4. Yerden 7/24 destek verecek hastaneler bulunur ve protokol yapılabilir. Dünyada birçok havayolu şirketleri uçuş boyunca yer sağlık birimleriyle radyo bağlantısı kurarak, ‘medikal koçluk’ desteği almaktadır. Merkezi Phonix-Arizona'da olan, 1986 yılından beri 120 kadar havayolu şirketine yerden tıbbi destek sağlayan MedAire şirketi (7) gibi kuruluşların Türkiye’mizde de kurulmasının önünde hiçbir zorluk yoktur.

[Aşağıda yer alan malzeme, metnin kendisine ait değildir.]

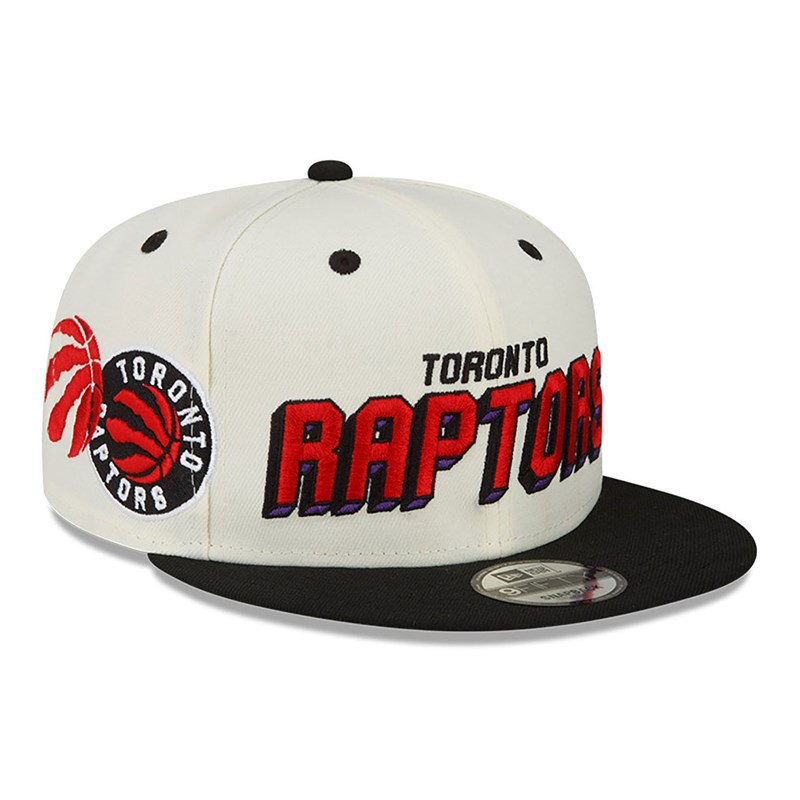 9fifty New Era Toronto Raptors Awake Gorras Blancos | KJ7149283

Hatta böyle bir şirkete de gerek olmadan, pilotaj muayenesi yapmaya yetkilendirilmiş hastaneler bu iş için gayet uygundur. Bu hastanelerin uzman hekimleri uçaktaki tıbbi aciller için konsültanlık yaparken, AMC ünitelerinde görev yapan uçuş hekimleri de uçaktaki hastanın düşük basınçlı ortamda karşılaşabileceği fizyolojik komplikasyonları yönetmekte destek verebilir...

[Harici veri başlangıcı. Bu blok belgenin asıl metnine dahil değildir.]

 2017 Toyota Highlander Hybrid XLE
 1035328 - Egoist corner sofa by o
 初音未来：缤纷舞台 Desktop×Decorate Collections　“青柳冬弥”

5. Uçakta hastalanan veya ölen yolcular kadar önemli bir olasılık da, uçuş ekiplerinin hastalanması veya ölmesidir. İster uçuş ekibi, isterse yolcu olsun, acil tıbbi durumlarda uçak içindeki toplama hekimlerle etkili tıbbi destek verilememesinin olumsuz sonuçlarından birisi de, uçağın (bazen gereksiz yere) acil iniş (divert) yapmasıdır. Bu, parasal kayıplara, uçuş görev süresi dolan ekiplerin dinlenmeye çekilmesine, bağlantılı uçuşların kaçırılmasına, uçuş programlarının altüst olmasına yol açabilmektedir. Bütün bu problemler ışığında, uçaklarda hastalanan yolculara müdahale prosedürünün yeniden ele alınmak ihtiyacında olduğunu düşünmekteyiz. SHGM, DHMİ, THY, Pegasus, havacılık tıbbı bölümleri olan üniversiteler (SBÜ, 19 Mayıs), vs. katılımıyla bir panel veya çalıştay yapılmasını öneriyoruz. Buraya ilgili sivil toplum kuruluşları da (Havacılık Tıbbı Derneği, Acil Tıp Uzmanları Derneği, TALPA, TASSA, vb.) davet edilmelidir. Yapılacak beyin fırtınaları sonucu hazırlanacak raporların yeni talimatlara yansıtılmasıyla çözüm yolunda ilerleyebileceğimizi düşünüyoruz...
Kaynaklar
1. https://twitter.com/MetinUca/status/1081130122533572609 ; https://twitter.com/MetinUca/status/1080910688455966720
2. Çetingüç M. 'Smiling doctors' gücendirdi’ www.airkule.com (15.4.2013) http://www.airkule.com/yazar/baslik/761
3. Şükrü Kızılot. Hürriyet Gazetesi (9 Nisan 2014). http://www.hurriyet.com.tr/askere-ve-polise-ameliyat-bakkala-da-hekimlik-yetkisi-26182526
4. http://www.airkule.com/haber/THY-DEN-FLY-GOOD-FEEL-GOOD-HIZMETI/27328 (6.6.2017)
5. Temel Yılmaz. Haberturk.com (18.03.2017) https://www.haberturk.com/yazarlar/prof-dr-temel-yilmaz/1430445-gercekten-ekmek-zararli-lahmacun-yararli-mi
6. Tevfik Uyar. Airporthaber (28.1.2013) http://www.airporthaber.com/kose-yazilari/gonullu-ucus-hekimi.html
7. Cocks R, Liew M. 8Commercial aviation in-flight emergencies and the physician. Emergency Medicine Australasia (2007) 19, 1-8. (https://pdfs.semanticscholar.org/094a/908fb2e8aafacb90928f065957f908cfcf16.pdf)
8. Hamer M. Giant plane raises fear of medical emergencies. New Scientist 2005; (20 May): 8.